Print the lines that start the entries and continue through the one holding "A well-lit, modern", please, exactly and with the pictures omitted.
Start of Dataset entries
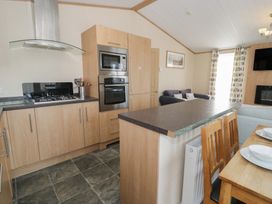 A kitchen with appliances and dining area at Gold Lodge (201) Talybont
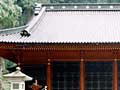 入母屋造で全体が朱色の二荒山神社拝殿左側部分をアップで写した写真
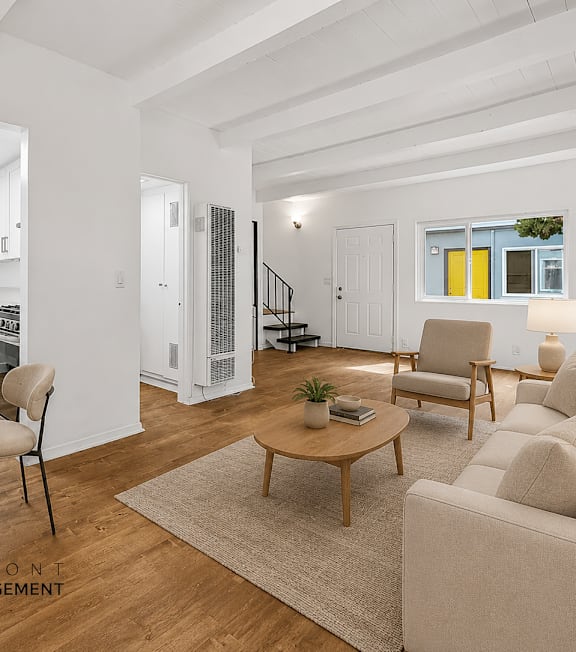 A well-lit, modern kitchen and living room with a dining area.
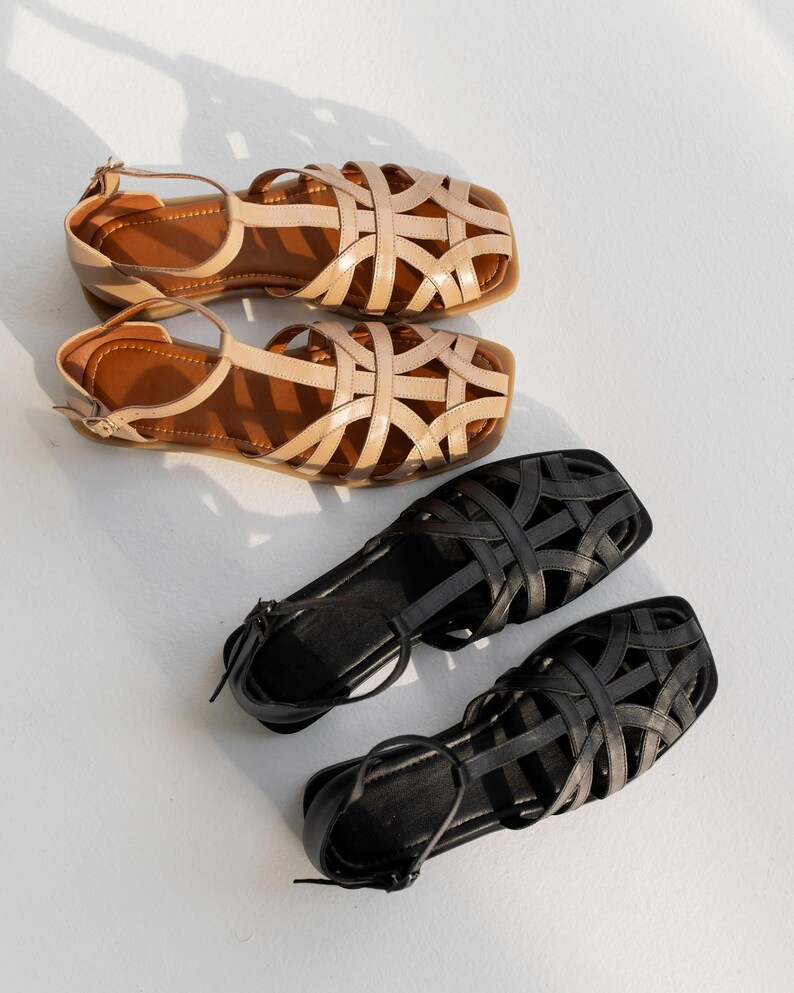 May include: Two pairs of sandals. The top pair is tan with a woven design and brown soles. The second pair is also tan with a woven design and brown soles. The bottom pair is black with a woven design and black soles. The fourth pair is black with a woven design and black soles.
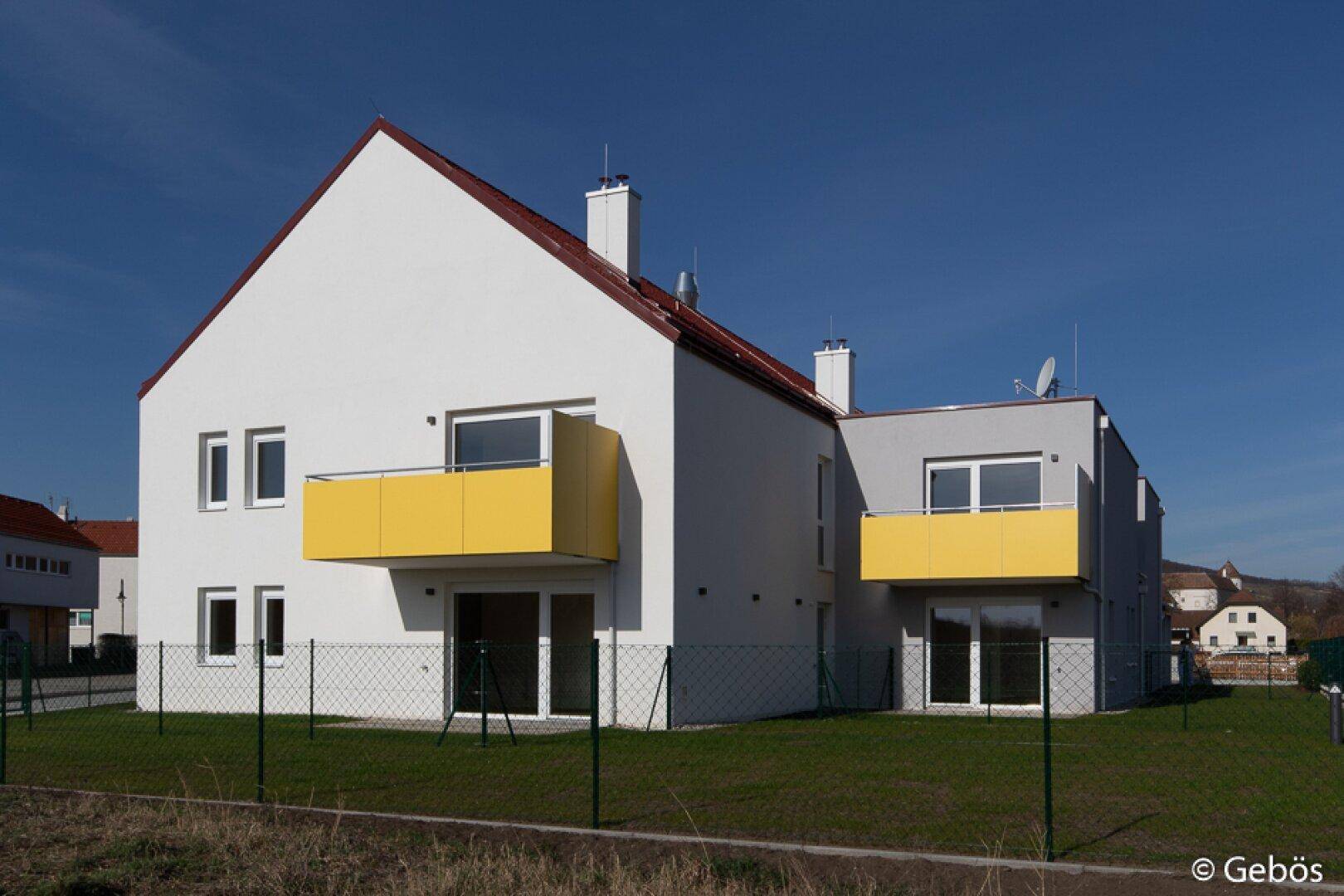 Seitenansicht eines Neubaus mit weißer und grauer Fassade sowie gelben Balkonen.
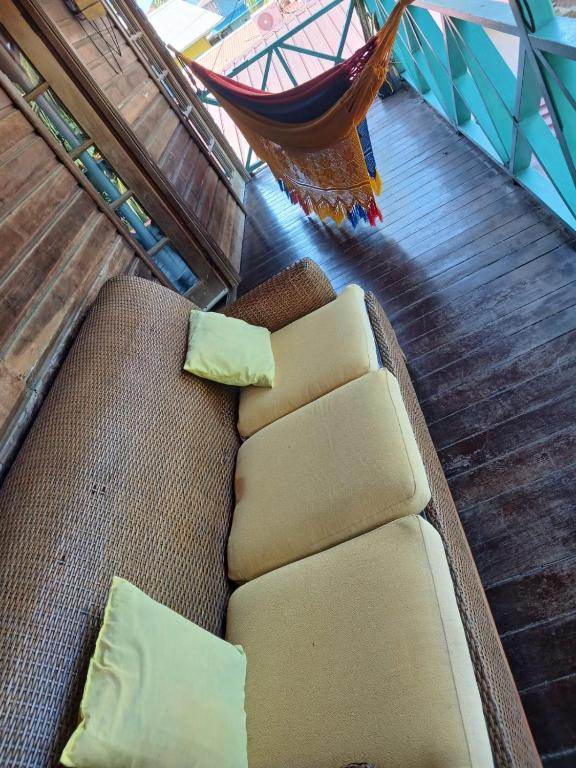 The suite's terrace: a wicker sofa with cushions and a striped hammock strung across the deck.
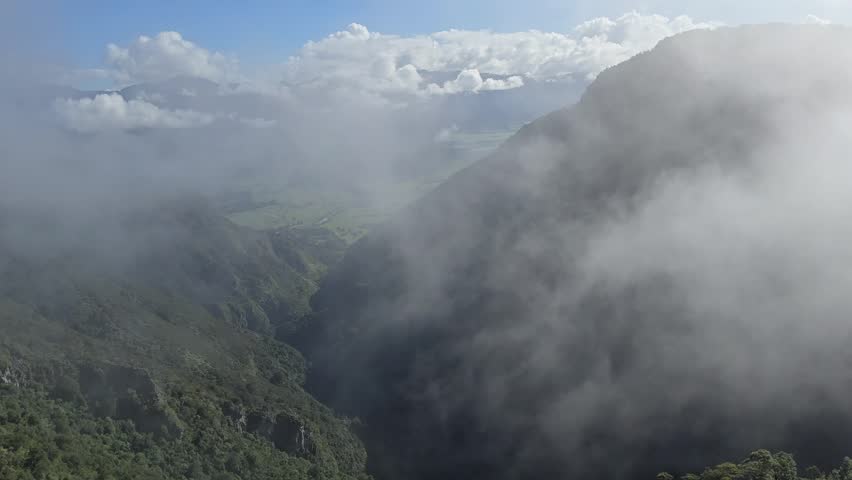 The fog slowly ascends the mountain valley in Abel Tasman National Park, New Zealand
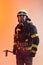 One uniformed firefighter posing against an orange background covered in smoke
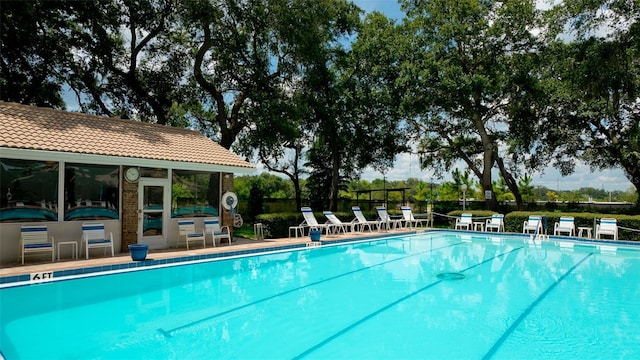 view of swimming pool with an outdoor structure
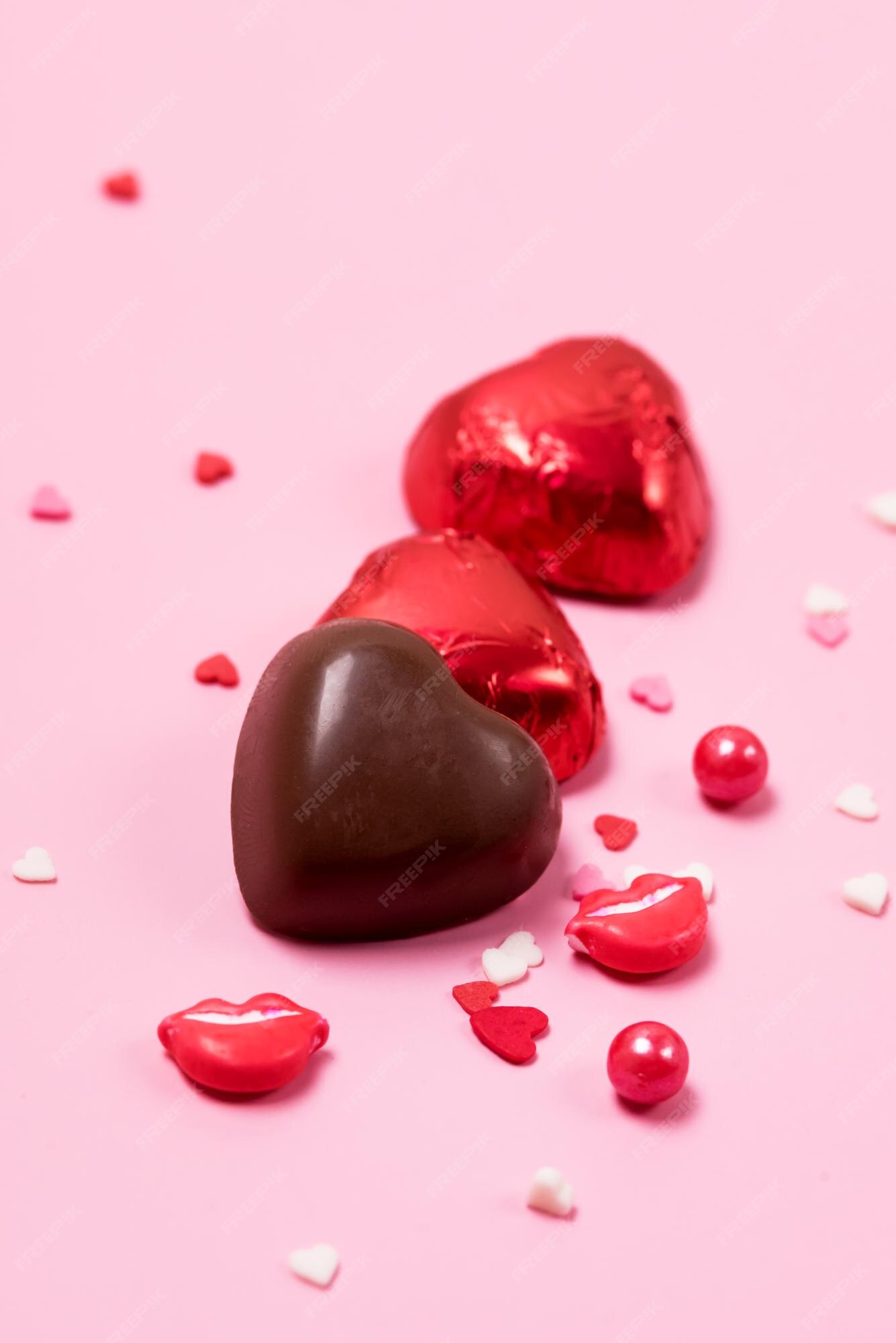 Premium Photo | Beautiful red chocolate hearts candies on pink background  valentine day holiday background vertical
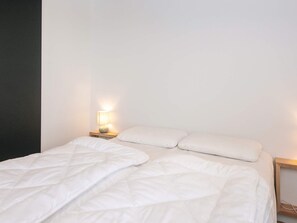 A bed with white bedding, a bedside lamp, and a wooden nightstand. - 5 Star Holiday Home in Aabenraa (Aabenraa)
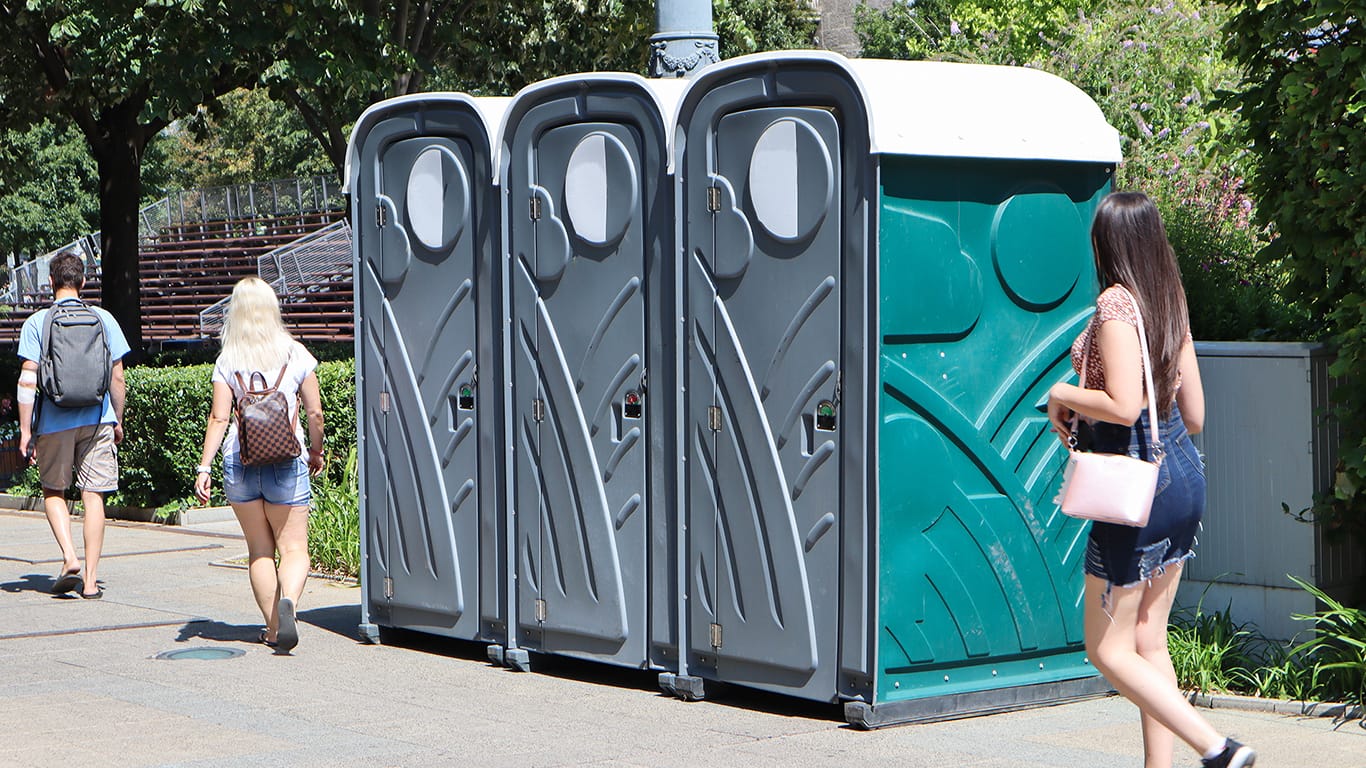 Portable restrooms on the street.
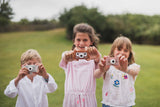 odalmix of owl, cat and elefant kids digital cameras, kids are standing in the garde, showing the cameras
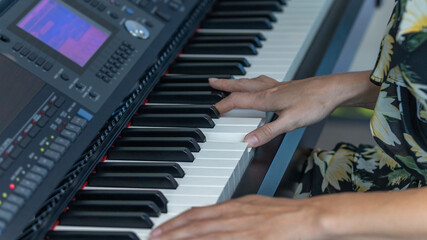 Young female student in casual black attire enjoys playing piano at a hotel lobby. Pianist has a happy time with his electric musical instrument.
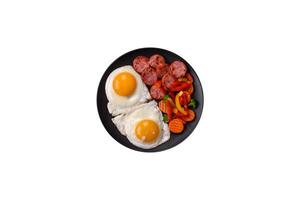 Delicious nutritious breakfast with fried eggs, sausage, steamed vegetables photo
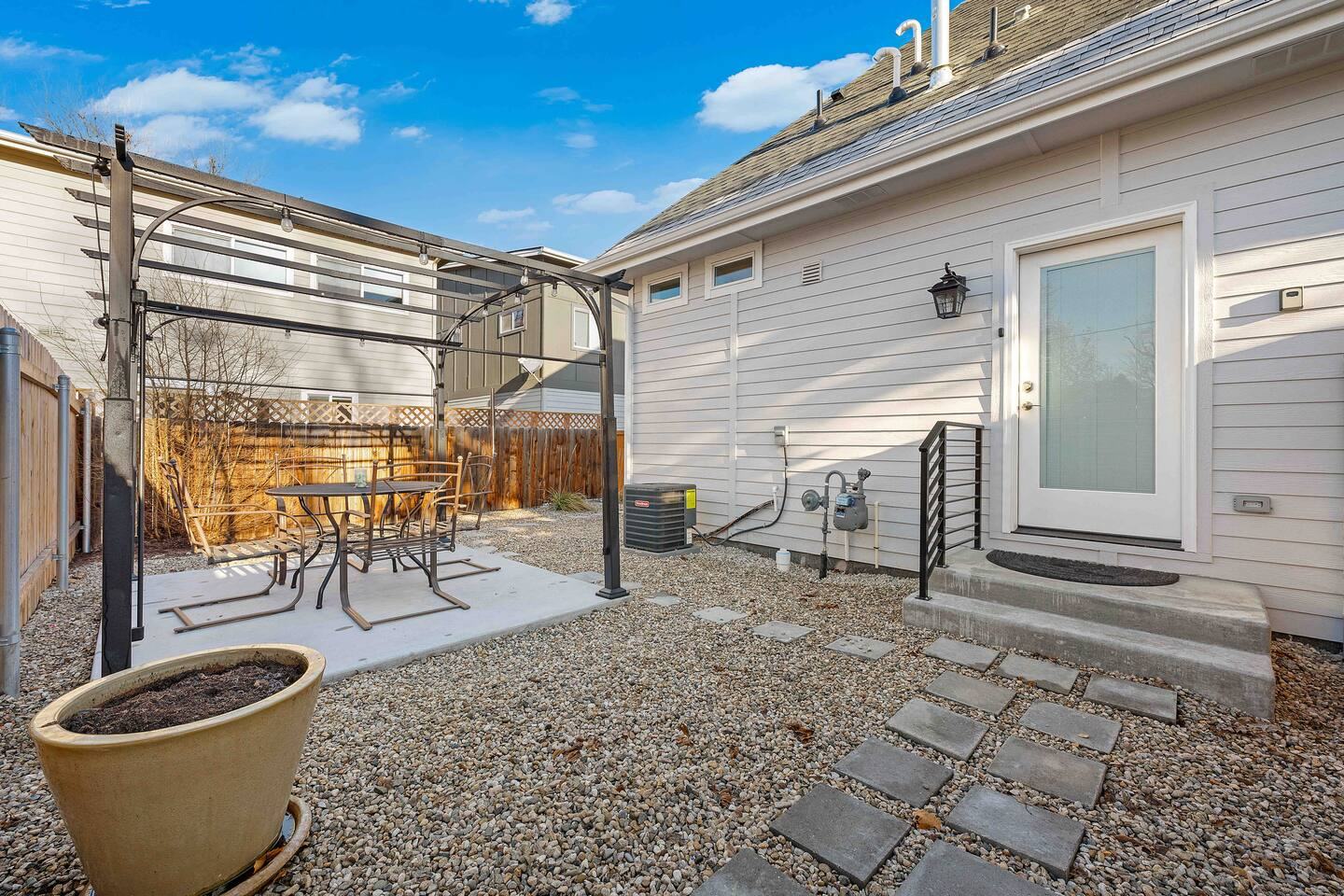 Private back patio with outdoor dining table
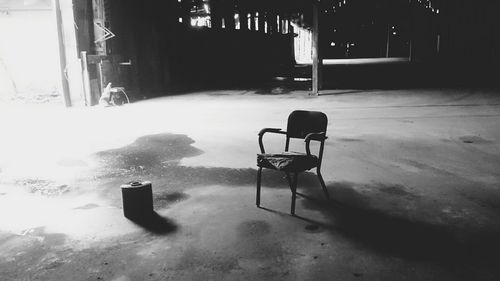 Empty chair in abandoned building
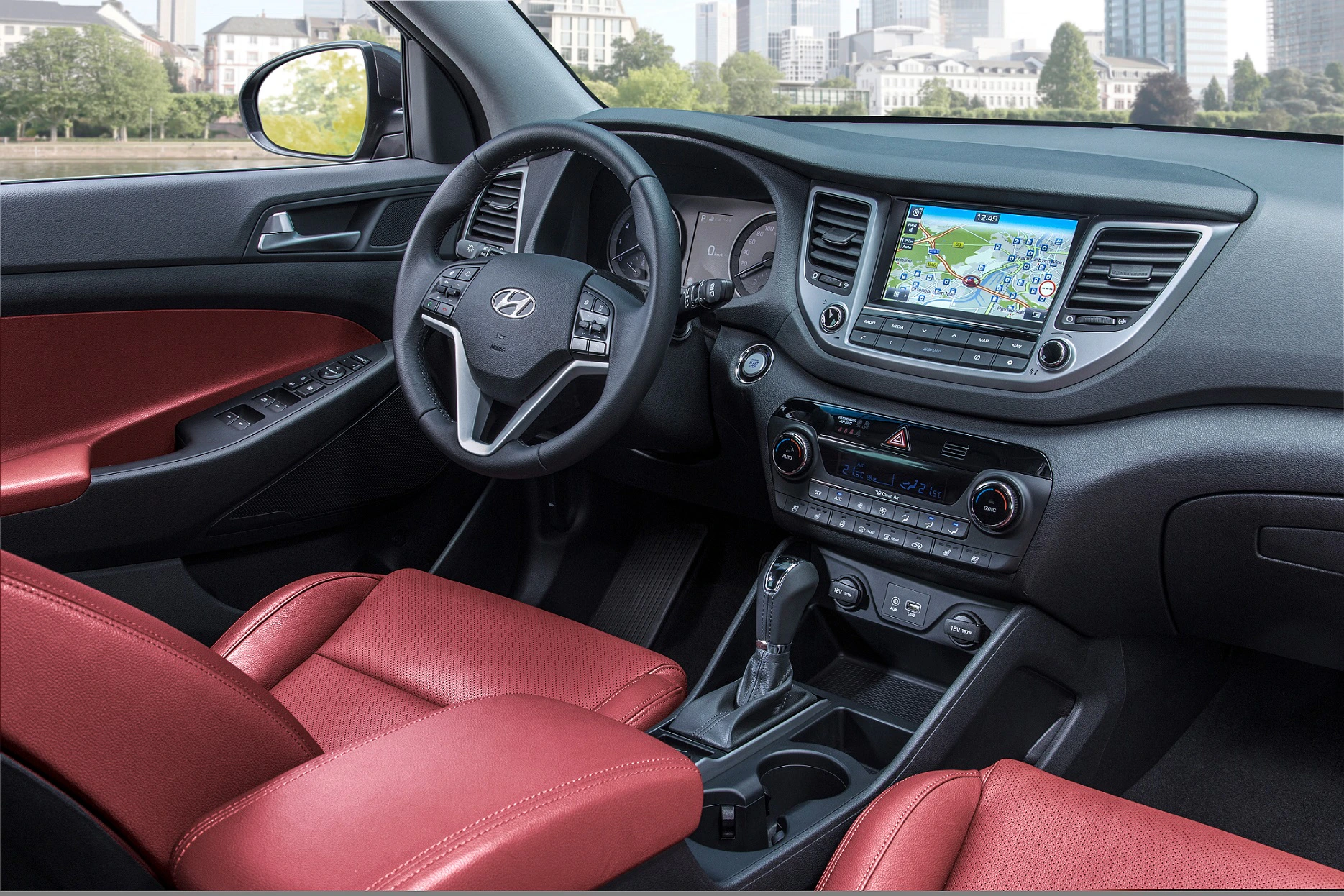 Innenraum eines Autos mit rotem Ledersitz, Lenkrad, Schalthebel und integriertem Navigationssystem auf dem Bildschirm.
End of Dataset entries
→ The answer
 A kitchen with appliances and dining area at Gold Lodge (201) Talybont
 入母屋造で全体が朱色の二荒山神社拝殿左側部分をアップで写した写真
 A well-lit, modern kitchen and living room with a dining area.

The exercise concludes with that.